Friday, August 31, 2018

Unsupervised Learning to Classify and Group School Shootings

Introduction

In a previous analysis, I took a statistical approach to modeling school shootings using data maintained by the Washington Post. Specifically, I looked at several models and several distribution assumptions to predict how factors such as poverty, the presence of resource officers on campus, type of weapon used, and other factors affect casualties in a school shooting, given a shooting has occurred. But, what if I weren’t interested in modeling and predicting casualties? What if I didn’t know what I was interested in, but knew I wanted to be able to break down the data in some other way than just looking at it or deriving obvious summaries? In that case, I might consider uing a machine learning technique called unsupervised learning.

What unsupervised learning allows me to do is group certain observations in my data and say observations in one grouping are more similar to each other than to other observations. I could also dig deeper and analyze why that is the case using the model output. If done successfully, I would be able to separate each of the observations into a subset of “clusters” and give a general description of each one. This is useful because, obviously, not all school shootings are the same. It’s a point I hear expressed often—should an accidental shooting where no one was hurt really be called the same thing as an indiscriminate event such as Sandy Hook? Correct labeling here matters and has important implications.


PCA

When confronted with a problem like this, the first place I go is to principal component analysis (PCA). This is a technique used to reduce the number of variables in a given dataset by calculating a linear combination of all the observations and thereby capturing more of the data’s variance with fewer variables. Imagine a dataset which contains the values 12, 32, 28, and 8. We can call this set A. Each of the values in set A (not actually, but for simplicity’s sake) makes up 25% of the set’s total variance. You want to choose one value (from inside or outside the set) that will capture as much of the total variance in the data as possible. So, you select 4, the lowest common denominator of each value. Four makes up a third of the variance in the first value, an eighth of the second, a seventh of the third, and half of the fourth. All together, with just one value, you have captured about 27.5% of the variance in the original set, more than you could have with any single value from within the set. That is the power of PCA—to simplify a large dataset with many variables into a smaller subset. In this case, we would call the value 4 principal component 1 (and every subsequent factor which would respectively make up less and less of the total variance would become principal component 2, 3, etc.).

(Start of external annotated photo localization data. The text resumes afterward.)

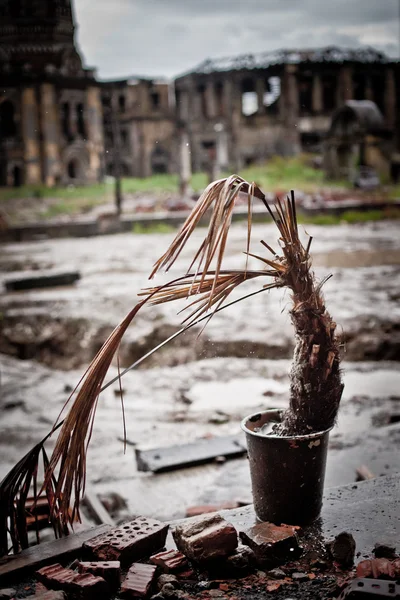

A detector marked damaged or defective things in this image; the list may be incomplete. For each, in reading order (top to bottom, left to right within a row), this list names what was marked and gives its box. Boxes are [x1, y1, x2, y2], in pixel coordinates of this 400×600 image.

burned structure [0, 0, 104, 186]
damaged facade [0, 0, 396, 186]
burned structure [175, 47, 396, 171]
damaged facade [177, 47, 398, 171]
broken brick [34, 564, 108, 596]
broken brick [77, 564, 119, 592]
broken brick [83, 516, 167, 568]
broken brick [119, 564, 157, 596]
broken brick [150, 548, 189, 572]
broken brick [173, 510, 238, 564]
broken brick [239, 520, 298, 568]
broken brick [328, 532, 356, 564] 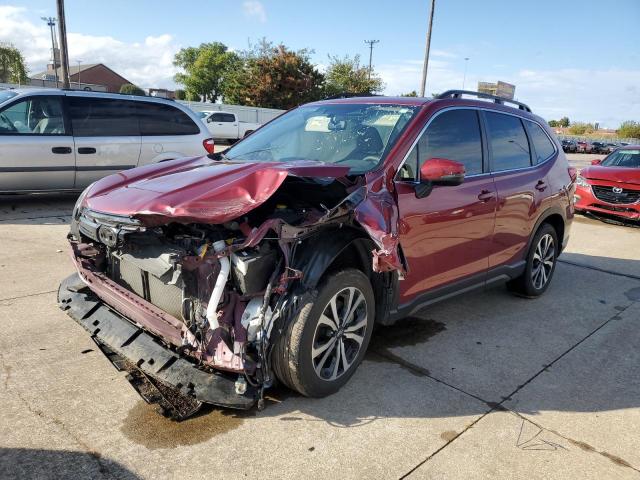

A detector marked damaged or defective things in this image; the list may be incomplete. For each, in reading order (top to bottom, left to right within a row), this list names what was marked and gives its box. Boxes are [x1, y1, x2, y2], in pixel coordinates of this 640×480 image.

crumpled hood [82, 157, 350, 226]
damaged red suv [58, 92, 576, 418]
crumpled hood [584, 166, 636, 187]
crack in pavement [0, 350, 114, 478]
detached front bumper [57, 274, 258, 412]
crack in pavement [392, 300, 636, 476] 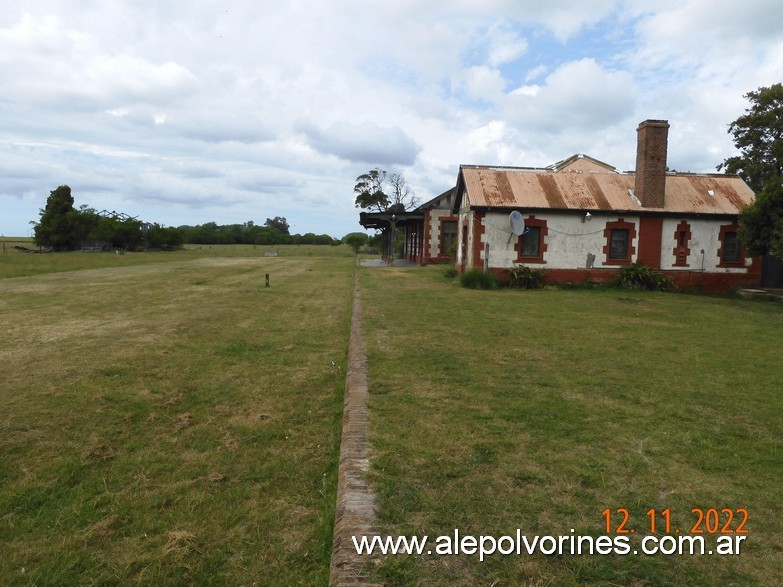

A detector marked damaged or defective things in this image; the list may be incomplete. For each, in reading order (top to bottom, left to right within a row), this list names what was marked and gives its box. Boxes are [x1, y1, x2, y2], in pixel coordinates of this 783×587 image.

rusty corrugated metal roof [460, 165, 752, 216]
rusty roof stain [460, 165, 752, 216]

Why would you want to do this? There are several reasons including creating a reduced set of variables in the dataset, which is important for when you have a lot of variables and don’t have a lot of observations (which was my case). Besides that, it allows you to flesh out which variables are most important to explaining everything in the dataset and how much more important such variables are than the others. For instance, in set A, we know that 8 is very important because so much of its variance (50%) can be decomposed into a single number which is also a common component of the other values.

For PCA to work however, there needs to be some correlation between variables. The more correlation, the better it works. So, returning to my dataset, I examined correlation between all the variables and found that there wasn’t a ton of correlation—suggesting that extracting a large amount of the variance in the data with only a few principal components would be unlikely.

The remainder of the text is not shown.